Fortalecer las instituciones de prevención y salud, aumentar el peso de las libertades individuales, aumentar el nivel de la educación, regular la calidad de las sustancias que son normalmente prohibidas, poseer un buen sistema de justicia, cobrar impuestos a quienes se dediquen al mercado de drogas (como se hace con las empresas que venden alcohol y demás), evitar sus monopolios y sobre todo no construir —desde el miedo irracional, el desconocimiento y los prejuicios— un demonio o una idea del mal hegemónicos, son acciones más sensatas que poner a todo un ejército a combatir a un enemigo que nunca podrá vencer.

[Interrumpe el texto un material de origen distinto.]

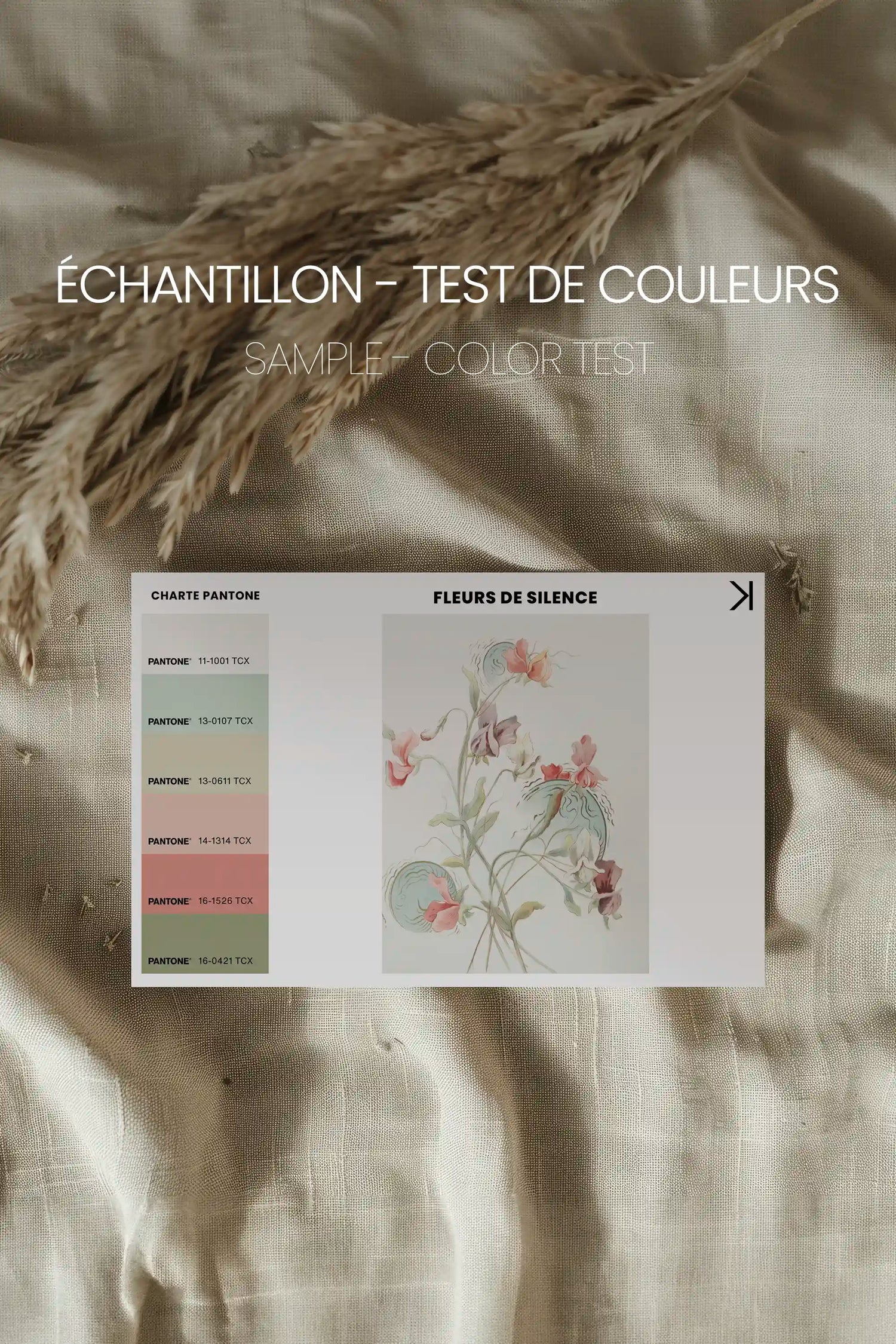 FLEURS DE SILENCE, Work on stretched canvas, framed Walnut Brown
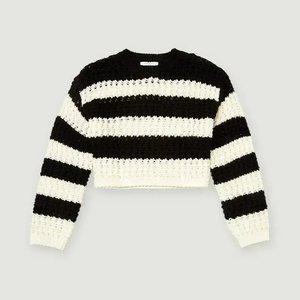 [행텐]여성 스트라이프 메쉬 크롭 니트-SE2051046014034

Las razones de su lucha, me parece, son sinrazones. Hay que involucrar a la sociedad, más que a la policía y al ejército en la lucha contra el crimen. No hay a corto plazo ninguna solución más que la complicidad de los vecinos para erradicar a los delincuentes. Estamos en el mismo barco y es necesaria la creación de una metapolítica para salvaguardar la vida de los que vienen. Creo como Richard Rorty que la democracia es principalmente conversación y que el libre mercado sin regulaciones que impidan las injusticias es una actividad aberrante. Los vicios cruzan las paredes a su antojo y nada los podrá detener. ¿Por que no partir de una verdad tan sencilla y volver la despenalización de las drogas parte de una conversación entre iguales? Yo no veo otro camino, bueno digo yo.